Tara Lachapelle
TT

Warren Buffett Buys Himself a $6 Billion Birthday Gift

Warren Buffett celebrated his milestone birthday Sunday the best way he knows how: with a new headline-grabbing stock pick. His pal Bill Gates baked him a cake, too. Although Buffett is known to have a sweet tooth, big juicy deals are more his taste. The nonagenarian billionaire announced that his conglomerate, Berkshire Hathaway Inc., has acquired 5% stakes in five of Japan’s storied trading houses — Itochu Corp., Marubeni Corp., Mitsubishi Corp., Mitsui & Co. and Sumitomo Corp. — in a wager valued at more than $6 billion. That is one pricey birthday gift.

You may be thinking, “First gold, now Japan? Is Buffett feeling all right?” Yes, it was a bit strange, if not disconcerting, when America’s No. 1 cheerleader dumped shares in a bunch of US financial institutions last quarter and bought a position in gold-mining giant Barrick Gold Corp. instead. A bet on bullion certainly doesn’t exude confidence in America’s economic recovery. Now he’s eyeing Japan Inc., which isn’t exactly known for being the world’s bastion of growth either. But Buffett is called the Oracle of Omaha for a reason, and so of course, there’s a simple rationale for his interest in the Japanese trading houses: They’re cheap relative to the cash flow they generate and screen well using Buffett’s familiar investment criteria, David Fickling writes.

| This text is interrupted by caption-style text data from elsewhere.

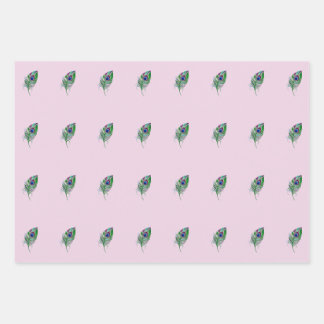 Pink Peacock Feather Wrapping Paper Sheet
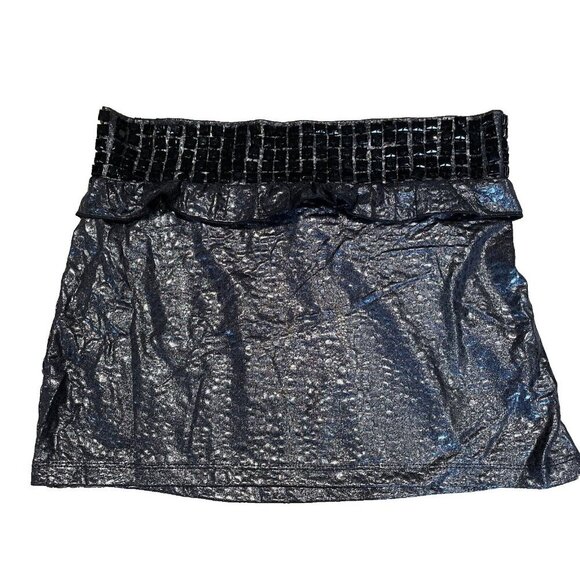 VTG Y2K BEBE  Metallic Mini Skirt Womens Small Silver Reptile Stretch Disco 90s - Picture 1 of 9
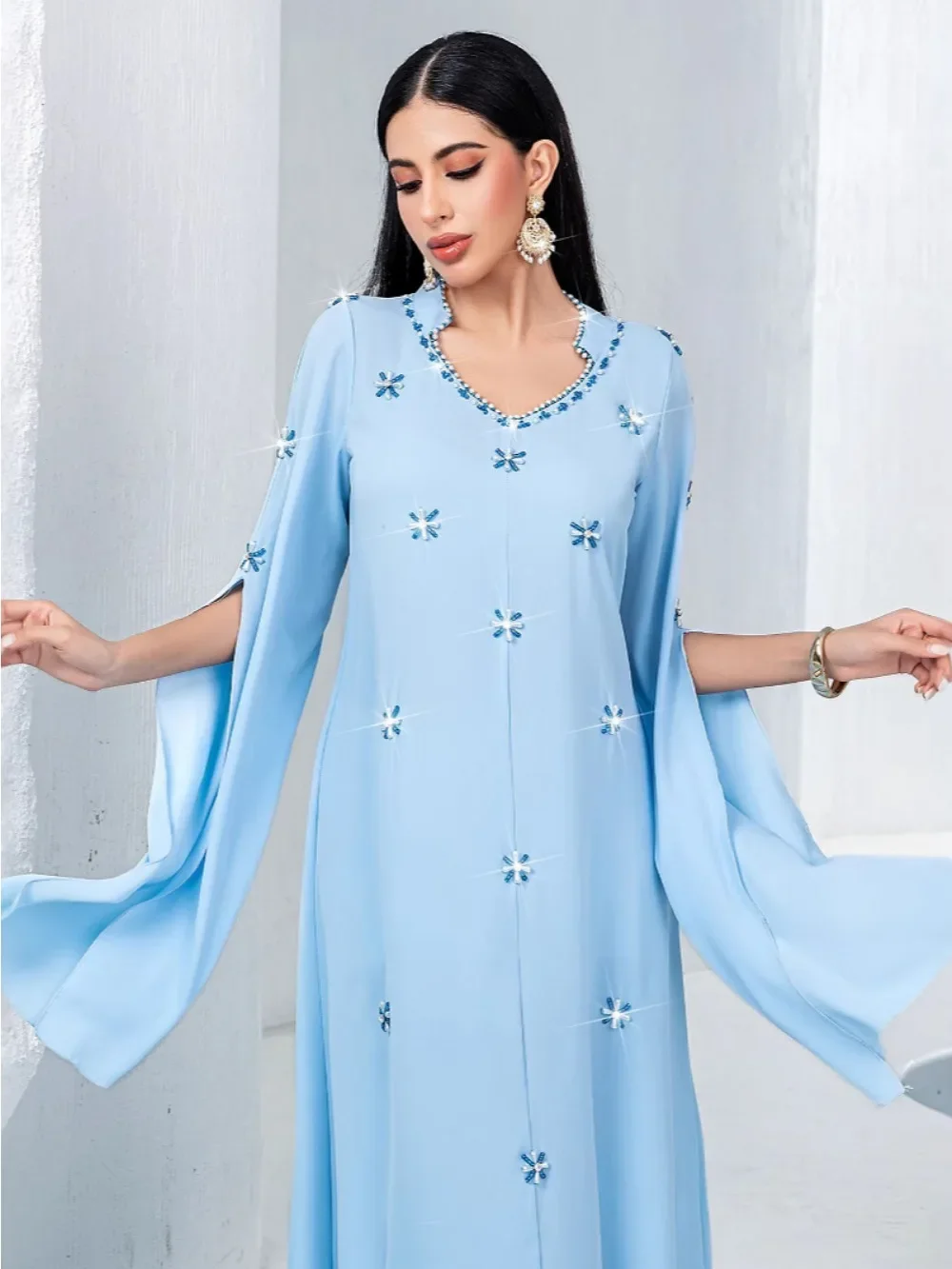 Eid Abaya musulmana para mujeres Vestidos de Dubái diamantes Ramadán Marruecos fiesta árabe vestido largo Jalabiya Kaftan Islam Vestidos Abayas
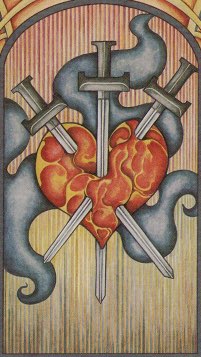 Tarotkaart 'Drie van Zwaarden'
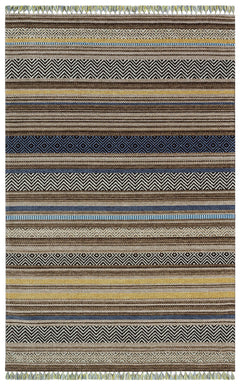 Blue Striped Kilim - Modern Woven Rug | Washable Non Slip Soft Textured Carpet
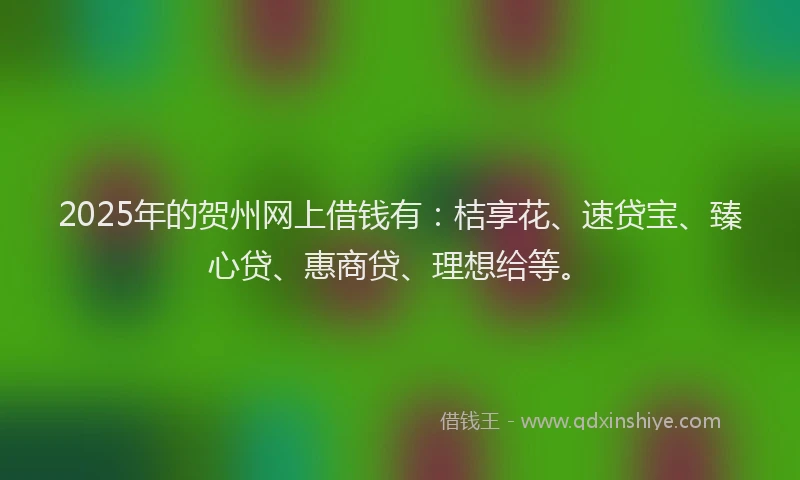 2025年的贺州网上借钱有：桔享花、速贷宝、臻心贷、惠商贷、理想给等。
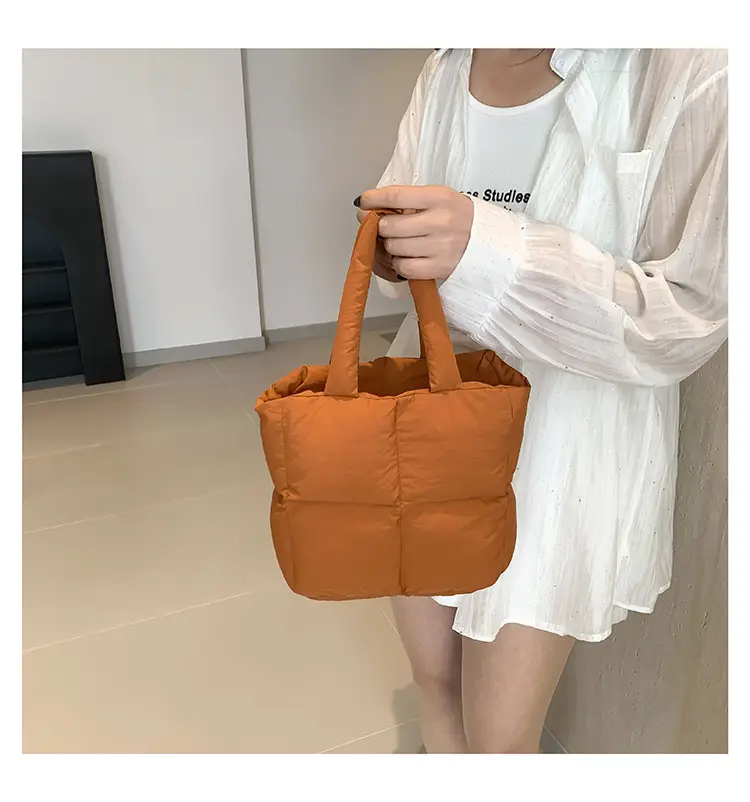 Women's White Down Cotton Shoulder Bag 2026 — feature 32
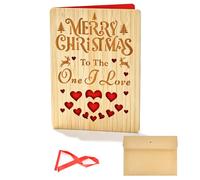 LCOLYDM Christmas Card to The One I Love, Wooden, Handmade, 1 Pack | High Quality Bamboo Wood, Romantic Laser Cut Hearts, Perfect For Partner Wife Husband, 18x14cm, Luxury Keepsake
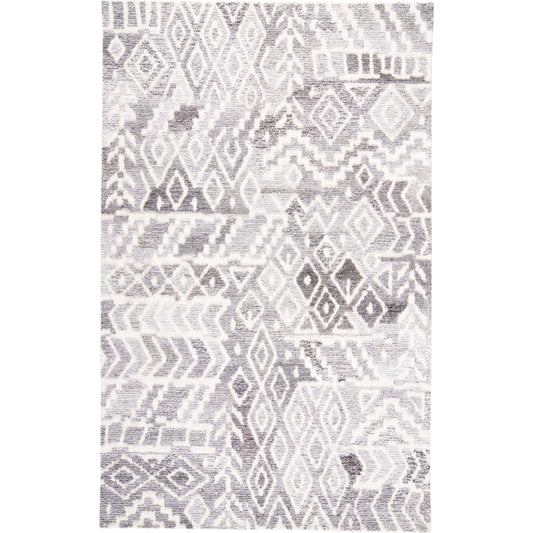 Asher Lustrous Wool Rug - 8771F by Feizy in gray, white. Made from wool, viscose in a unique style.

In fact, Fickling found that three of the 10 companies worldwide that meet Buffett’s criteria are Japanese trading houses. The soga shosha, as they’re known in Japan, also look less like a tangle of commodities-focused assets these days, and more like their own versions of Berkshire Hathaway itself, as Anjani Trivedi explained in a prescient 2018 column.

Speaking of Buffett, this is one dealmaker whose deals rarely ever leak. Part of the reason is that Buffett keeps a close circle, choosing to sidestep bankers and work directly with sellers.

He also isn’t much for computers or email, preferring a good old fashioned phone call. Even though traders constantly speculate on Berkshire’s next pursuits, more often than not they’re wrong. But something fishy keeps occurring with transactions involving other companies: Their stock prices are reacting to deal news before it happens. That was the case when Google took a stake in ADT Inc. this month, and when Google announced its takeover of Fitbit Inc. Likewise, shares of Tiffany & Co. behaved curiously before LVMH Moet Hennessy Louis Vuitton SE made its bid public. Last we checked, Silicon Valley’s engineers haven’t yet developed a desktop crystal ball, so it sure sounds like illegal insider trading is taking place.

It’s troubling that nobody seems to be doing anything about it, writes Matthew A. Winkler. He wants to know, where are the regulators?

One prediction investors wish they could make is who will win the US presidential election. Polls show Joe Biden is still ahead; betting sites, however, reveal that his lead over Donald Trump has collapsed. One explanation, John Authers writes, is that the mayhem after last week’s shootings in Kenosha, Wisconsin, is lifting the Trump campaign. So far, the president’s response to the deadly events has mostly amounted to vague “law and order” tweets. Even so, Authers observes, “bettors appear to believe that the disorder will help Trump throughout the country.”